Key points:
- Electric Last Mile is filing for Chapter 7 bankruptcy
- It's highly likely there will be nothing for stockholders
- Barring amazements we'd therefore expect the stock to go to zero
Electric Last Mile (NASDAQ: ELMS) stock might well be entirely valueless now. The company has announced a move into Chapter 7 bankruptcy. This is not the Chapter 11 type, where after a bit of restructuring, the company returns. Rather, this is the complete dissolution kind where there is no company left at the end of it all.
We can also take this as guidance on some of the other EV makers. Yes, some will indeed succeed, but there is a number who are likely to do this- go into full bankruptcy.
This is not some random change where a heavily indebted company finally meets the one bill that breaks that camel's back. Rather a new management team was installed in Feb to work through the strategic alternatives for the company. The answer they've come back with is that there are none.
This also comes on the heels of their internal little scandal. The reason the previous management was replaced was a lack of faith in strategy. When the old management did leave, ELMS had to restate past results – not a good sign at all.
Also Read: The Best Electric Car Stocks to Buy
As we say, the net result of all the chin-stroking over what to do next the answer is, apparently, nothing. So close the company done and liquidate all of the assets.
The only final question for use shareholders out here is whether there's going to be anything left for equity after the bankruptcy. The order of editors is secured debt, unsecured debt, only then equity. So, if there's not enough money to pay off the creditors, then there definitely won't be anything left for equity holders.
Further, a Chapter 7 bankruptcy normally is a sign that there's nothing there for the equity. For if there were, then it would have been – perhaps – possible to raise more capital to keep the show on the road.
So, our assumption might well be that Electric Last Mile stock is going to zero, and that's that. Except, obviously, there've been some fun times recently with meme stocks. Both AMC and GameStop were effectively rescued by that status. Gamestop particularly, there was so much of the stock shorted that a short squeeze could be orchestrated and was. The company was then able to issue new stock and now has the capital to undertake the previously planned transformation.

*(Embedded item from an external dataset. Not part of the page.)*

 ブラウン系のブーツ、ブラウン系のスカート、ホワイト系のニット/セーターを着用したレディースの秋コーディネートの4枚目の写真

Or we might think of Hertz, which was actually in bankruptcy and was still able to issue new stock. That is, there's more going on out there in the markets than we might think. In the old days, we would have said, when a company filed for Chapter 7, “Stick a fork in it, it's done”. For that was the point of no return, debts were likely larger than assets – otherwise, why bankruptcy – and so there was nothing left for stockholders.
Now, this is probably true – OK, almost certainly. But now that we've seen a couple of companies manage these Houdini-style escapes, who knows when and where the next one will turn up? That is, there still could be value in ELMS stock, but it's most, most unlikely. As opposed to impossible.